In April 2004, Yatsrebov was transferred to work in the city administration as the first deputy mayor of Yaroslavl for urban issues. In June 2007, he was transferred to the post of first deputy mayor for the implementation of projects and programs for the 1000th anniversary of the city, and in January 2009 - to the position of first deputy for social and economic development and the 1000th anniversary of the city, and from January 2011 - to the position First Deputy for Social and Economic Development of the city. Since September 2011, the position held by Yastrebov is called the first deputy mayor of Yaroslavl for urban planning and socio-economic development of the city.

In December 2011, primaries of candidates from the United Russia party for the post of mayor of Yaroslavl, Yastrebov won, but he did not take part in the elections. as Governor of Yaroslavl Oblast, Sergey Vakhrukov made a bet on businessman Yakov Yakushev, who lost the election to opposition candidate Yevgeny Urlashov.
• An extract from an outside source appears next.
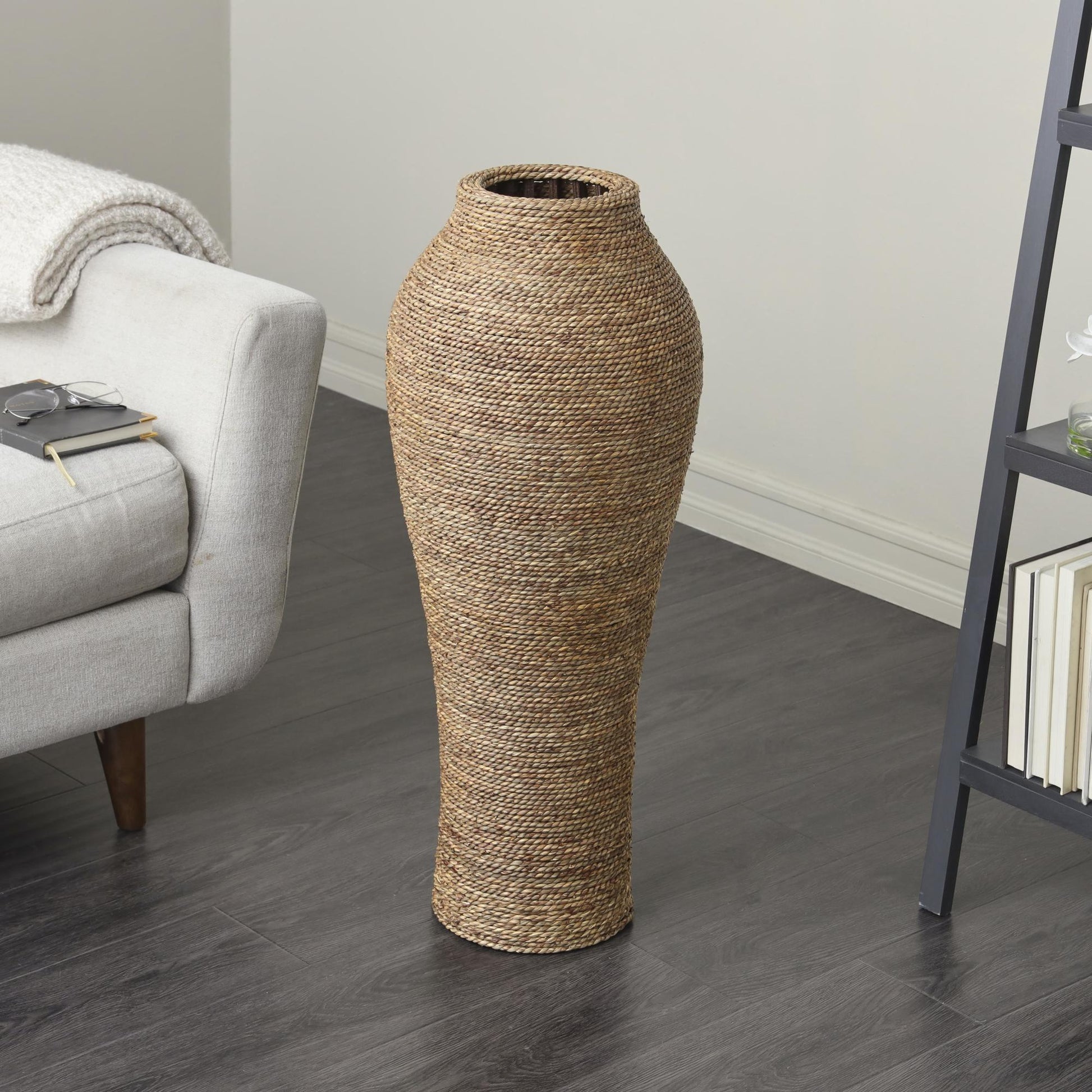 Brown Seagrass Handmade Tall Wrapped Decorative Vase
Russian President Dmitry Medvedev noted on 27 April 2012 that such a situation, when one person wins the primaries and another is sent to the polls, is "unacceptable".

On 19 March 2012, Yastrebov was appointed Deputy Governor of Yaroslavl Oblast. Yastrebov's powers included coordination of the activities of the regional state bodies, structural units of the regional government apparatus responsible for the implementation of state policy in the field of local self-government, state orders, interaction with compatriots, implementation of state policy in the field of migration. Yastrebov was also functionally subordinate to the local government department and the regional department of state order.

On 28 April 2012, by the Decree of the President of the Russian Federation, Yastrbov was appointed Acting Governor of Yaroslavl Oblast to replace Vakhrukov, who had retired.

On 4 May 2012, Medvedev submitted Yastrebov's candidacy to the Yaroslavl Oblast Duma for his approval as governor of the Yaroslavl Oblast.

On 5 May, the Yaroslavl Oblast Duma approved Yastrebov as the governor of the Yaroslavl Oblast.

On 28 July 2016, he voluntarily resigned from the post of governor.

On 23 January 2017, Yastrebov was appointed Deputy Minister of Natural Resources of the Russian Federation.